A tabloid staple during the 1930s and 1940s owing to his cash flash ways, Hartford sold his up-market villa on Paradise Island to the legendary actor, Richard Harris, in the early 1970s. The Caribbean pad was one of several properties that the Harry Potter star (who once confessed to being driven by “an uneducated Irish peasant attitude to land” claiming that it was the only worthwhile thing to buy because “they aren’t making it anymore”) bought with the money he made from the musical Camelot. The thespian renamed the Bahamian get away, Kilkee House, after the seaside town in County Clare (Ireland) where he went on vacation as a child.
Harris who died in 2002, had – much like his predecessor in Kilkee House – a reputation for being a hedonistic hell raiser and entertained A-listers like Richard Burton and Peter O’Toole at his Bijoux Bahamian base. Other high profile past guests to have been seduced by the property include Nicolas Cage and Pierce Brosnan; indeed the latter called Kilkee home while filming After the Sunset in The Bahamas.
The current owners – only the third owners in the home’s grand history – have lovingly restored the house (and its voluptuous grounds) to even beyond their former splendour, showing impeccable attention to detail, great respect for the past and appreciation for state of the art conveniences.
Stepping inside the premises is like entering a fairytale. The luxurious living space exceeds 11,000 square feet and includes four bedrooms with huge beds (ideal for a long lie in and a late breakfast), and bathrooms bigger than most people’s bedrooms – with tubs so wide and deep you never want to get out. In addition, you can expect a grand (but not intimidating) foyer, Scarlett O’Hara-esque dressing rooms, living rooms, oh and a formal dining room that can comfortably accommodate no fewer than 18 guests. There is also an extraordinary gourmet kitchen with double height ceiling and a state of the art gymnasium, which should appeal to the active amongst you. Averse to physical exertion? Kilkee House has an original historic panelled library should you – heaven forbid – get bored of the beach views.

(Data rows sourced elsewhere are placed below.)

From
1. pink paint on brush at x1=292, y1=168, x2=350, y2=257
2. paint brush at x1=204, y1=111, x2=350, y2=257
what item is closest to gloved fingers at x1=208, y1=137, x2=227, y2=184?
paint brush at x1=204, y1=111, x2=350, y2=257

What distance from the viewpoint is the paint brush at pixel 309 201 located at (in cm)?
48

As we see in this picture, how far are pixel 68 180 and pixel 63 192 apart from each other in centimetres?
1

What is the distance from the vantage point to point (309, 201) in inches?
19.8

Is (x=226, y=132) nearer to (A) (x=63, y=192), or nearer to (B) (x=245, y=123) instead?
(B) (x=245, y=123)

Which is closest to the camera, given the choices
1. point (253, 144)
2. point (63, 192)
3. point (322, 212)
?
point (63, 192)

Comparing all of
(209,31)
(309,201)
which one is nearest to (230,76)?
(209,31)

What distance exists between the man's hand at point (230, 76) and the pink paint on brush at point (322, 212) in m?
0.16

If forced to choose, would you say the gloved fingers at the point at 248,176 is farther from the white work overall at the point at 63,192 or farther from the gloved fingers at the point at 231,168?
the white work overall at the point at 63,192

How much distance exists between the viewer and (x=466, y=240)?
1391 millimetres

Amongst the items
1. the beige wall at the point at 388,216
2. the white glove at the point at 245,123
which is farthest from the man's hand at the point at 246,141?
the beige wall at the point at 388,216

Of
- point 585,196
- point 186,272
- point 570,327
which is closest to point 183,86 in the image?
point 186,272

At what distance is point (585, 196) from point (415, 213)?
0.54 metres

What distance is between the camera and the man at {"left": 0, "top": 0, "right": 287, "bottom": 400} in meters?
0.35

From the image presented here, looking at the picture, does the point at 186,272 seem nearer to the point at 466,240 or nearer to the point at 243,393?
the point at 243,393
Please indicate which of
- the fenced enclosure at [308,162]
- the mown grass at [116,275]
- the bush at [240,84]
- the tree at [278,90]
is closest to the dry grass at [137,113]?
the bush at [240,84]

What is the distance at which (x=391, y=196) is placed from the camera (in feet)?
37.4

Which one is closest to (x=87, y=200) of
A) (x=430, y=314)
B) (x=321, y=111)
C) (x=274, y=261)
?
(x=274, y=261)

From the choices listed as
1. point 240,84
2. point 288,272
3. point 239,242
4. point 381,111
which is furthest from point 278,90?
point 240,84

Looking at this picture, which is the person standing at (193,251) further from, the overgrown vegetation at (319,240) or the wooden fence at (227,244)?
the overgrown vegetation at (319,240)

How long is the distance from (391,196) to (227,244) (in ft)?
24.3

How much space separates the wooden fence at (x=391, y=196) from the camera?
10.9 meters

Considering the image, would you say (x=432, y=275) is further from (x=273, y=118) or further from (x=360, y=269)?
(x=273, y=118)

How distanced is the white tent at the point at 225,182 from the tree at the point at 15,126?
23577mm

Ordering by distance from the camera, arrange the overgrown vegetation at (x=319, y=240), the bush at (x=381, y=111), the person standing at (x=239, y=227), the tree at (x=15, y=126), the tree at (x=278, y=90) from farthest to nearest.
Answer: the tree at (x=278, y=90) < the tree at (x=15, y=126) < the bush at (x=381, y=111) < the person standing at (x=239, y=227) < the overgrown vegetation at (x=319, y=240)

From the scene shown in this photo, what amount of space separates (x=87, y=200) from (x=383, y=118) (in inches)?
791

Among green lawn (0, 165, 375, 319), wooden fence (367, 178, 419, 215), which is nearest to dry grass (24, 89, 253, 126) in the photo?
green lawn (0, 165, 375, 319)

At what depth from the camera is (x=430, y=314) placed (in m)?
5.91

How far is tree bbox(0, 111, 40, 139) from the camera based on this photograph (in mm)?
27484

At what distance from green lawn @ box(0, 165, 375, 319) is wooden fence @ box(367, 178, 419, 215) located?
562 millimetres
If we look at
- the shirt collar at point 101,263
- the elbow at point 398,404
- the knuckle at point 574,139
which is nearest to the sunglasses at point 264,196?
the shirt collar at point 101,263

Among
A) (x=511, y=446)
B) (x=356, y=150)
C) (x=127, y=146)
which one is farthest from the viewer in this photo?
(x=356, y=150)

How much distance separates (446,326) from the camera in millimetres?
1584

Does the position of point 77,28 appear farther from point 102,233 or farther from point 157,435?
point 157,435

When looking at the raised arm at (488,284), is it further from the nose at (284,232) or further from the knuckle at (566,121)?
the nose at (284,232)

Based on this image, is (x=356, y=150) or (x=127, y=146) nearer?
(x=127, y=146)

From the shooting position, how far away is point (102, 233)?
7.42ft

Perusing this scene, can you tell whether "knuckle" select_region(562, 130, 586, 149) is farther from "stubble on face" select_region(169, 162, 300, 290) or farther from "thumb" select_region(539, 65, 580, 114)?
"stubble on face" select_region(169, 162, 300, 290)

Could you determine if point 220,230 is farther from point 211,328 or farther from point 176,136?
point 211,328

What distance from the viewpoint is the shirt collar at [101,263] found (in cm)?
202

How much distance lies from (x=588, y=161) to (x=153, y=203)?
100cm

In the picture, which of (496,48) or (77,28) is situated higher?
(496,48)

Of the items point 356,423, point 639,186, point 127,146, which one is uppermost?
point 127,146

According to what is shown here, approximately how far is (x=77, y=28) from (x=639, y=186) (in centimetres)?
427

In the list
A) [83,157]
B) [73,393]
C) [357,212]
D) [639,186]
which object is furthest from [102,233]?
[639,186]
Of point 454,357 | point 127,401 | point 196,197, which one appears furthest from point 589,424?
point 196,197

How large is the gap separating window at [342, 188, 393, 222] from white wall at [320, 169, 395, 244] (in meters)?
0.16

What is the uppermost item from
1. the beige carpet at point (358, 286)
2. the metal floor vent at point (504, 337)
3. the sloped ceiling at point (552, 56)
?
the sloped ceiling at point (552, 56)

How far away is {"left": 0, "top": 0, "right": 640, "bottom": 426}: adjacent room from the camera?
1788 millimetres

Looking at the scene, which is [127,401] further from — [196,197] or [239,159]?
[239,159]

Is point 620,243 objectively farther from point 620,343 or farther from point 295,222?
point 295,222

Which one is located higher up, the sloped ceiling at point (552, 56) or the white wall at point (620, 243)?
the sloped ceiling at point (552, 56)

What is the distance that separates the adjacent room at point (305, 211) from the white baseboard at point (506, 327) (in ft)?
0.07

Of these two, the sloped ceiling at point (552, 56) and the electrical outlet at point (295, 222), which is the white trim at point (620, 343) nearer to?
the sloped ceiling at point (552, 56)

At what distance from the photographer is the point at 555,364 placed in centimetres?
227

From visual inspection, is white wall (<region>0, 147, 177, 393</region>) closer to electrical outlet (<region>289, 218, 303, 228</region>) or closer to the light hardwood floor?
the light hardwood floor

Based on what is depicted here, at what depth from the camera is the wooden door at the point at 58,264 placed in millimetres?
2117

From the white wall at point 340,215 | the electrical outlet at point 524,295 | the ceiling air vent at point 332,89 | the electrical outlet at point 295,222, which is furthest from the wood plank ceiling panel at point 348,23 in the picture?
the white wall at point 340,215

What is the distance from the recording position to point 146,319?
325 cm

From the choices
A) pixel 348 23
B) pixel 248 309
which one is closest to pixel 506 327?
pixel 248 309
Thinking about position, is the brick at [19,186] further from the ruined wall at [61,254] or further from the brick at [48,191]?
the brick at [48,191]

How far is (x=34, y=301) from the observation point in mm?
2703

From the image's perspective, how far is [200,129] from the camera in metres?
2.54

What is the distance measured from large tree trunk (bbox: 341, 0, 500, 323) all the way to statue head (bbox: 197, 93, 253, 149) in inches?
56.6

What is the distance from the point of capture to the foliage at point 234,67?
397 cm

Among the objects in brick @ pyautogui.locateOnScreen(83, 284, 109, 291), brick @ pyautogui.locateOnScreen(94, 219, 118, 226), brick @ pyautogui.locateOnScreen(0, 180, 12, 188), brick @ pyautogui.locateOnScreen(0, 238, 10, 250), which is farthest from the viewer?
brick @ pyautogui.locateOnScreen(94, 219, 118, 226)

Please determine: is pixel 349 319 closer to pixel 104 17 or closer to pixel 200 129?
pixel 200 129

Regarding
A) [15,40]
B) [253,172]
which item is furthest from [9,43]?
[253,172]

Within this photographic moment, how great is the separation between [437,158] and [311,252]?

Mention must be made of the custom furnishings; current owner and Capetonian, Colleen Kosoy, has handpicked the luxurious furnishings – all of which hail from her homeland and are available to purchase separately. If, however, the origin of the artifacts is conjuring up images of Out of Africa think again, for there are no batiks, tribal masks, chocolate coloured carvings or other examples of “Africana” to be found in Kilkee House. Rather Kosoy describes the style of the fittings as “updated traditional – eclectic, even.”
Certainly Kilkee is a “décor with a difference”, blending sweet nostalgia with a sharp style to create something that is far from cutesy and not quite what you would expect. Case in point? Subtle, sleek silk curtains successfully share space with rainbow hued-rugs.
Kilkee House is not only a dream inside; the outside also elates. The grounds span over two acres and encompass a meandering stone pool grotto that is hard to resist, magnificent, manicured gardens on one side, a private sandy and sundrenched beach (translation: absolutely no interruptions), and on the other side of the property a harbour side gazebo – the perfect place to pen your postcards.
What more could you want? How about a stunning poolside guest cottage with private terrace; perfect for when visitors arrive (which mark our words, they will). Or perhaps you would prefer 200 feet of water frontage on its southern harbour exposure, meaning that there is dockage for yachts or sailboats of almost any size?
Truly this place is something special; so much so that when Harris decided to dispose of all of his property in one of his darker moments, he kept his Caribbean home – even choosing to have his ashes transported from his native Ireland to Paradise Island to be scattered by the house. Harris was not wrong. There is something magical about the venue; just being here makes you feel better – deadlines disappear and “to do” lists fade away.
Part of the property’s appeal is that it works well as a retreat far from the maddening crowd, being accessible only by boat or helicopter (there is no road access), which creates a feeling of being miles away and lost in a secret world. Yet conversely, Kilkee House is also within easy reach of ritzy resorts like the ever expanding Atlantis complex and One & Only Ocean Club, as well as a cornucopia of exceptional eateries (the trouble is not finding somewhere to eat out, it is deciding what cuisine you fancy), world-class golf courses and up-market boutiques for those who can not shake the western urge to splurge.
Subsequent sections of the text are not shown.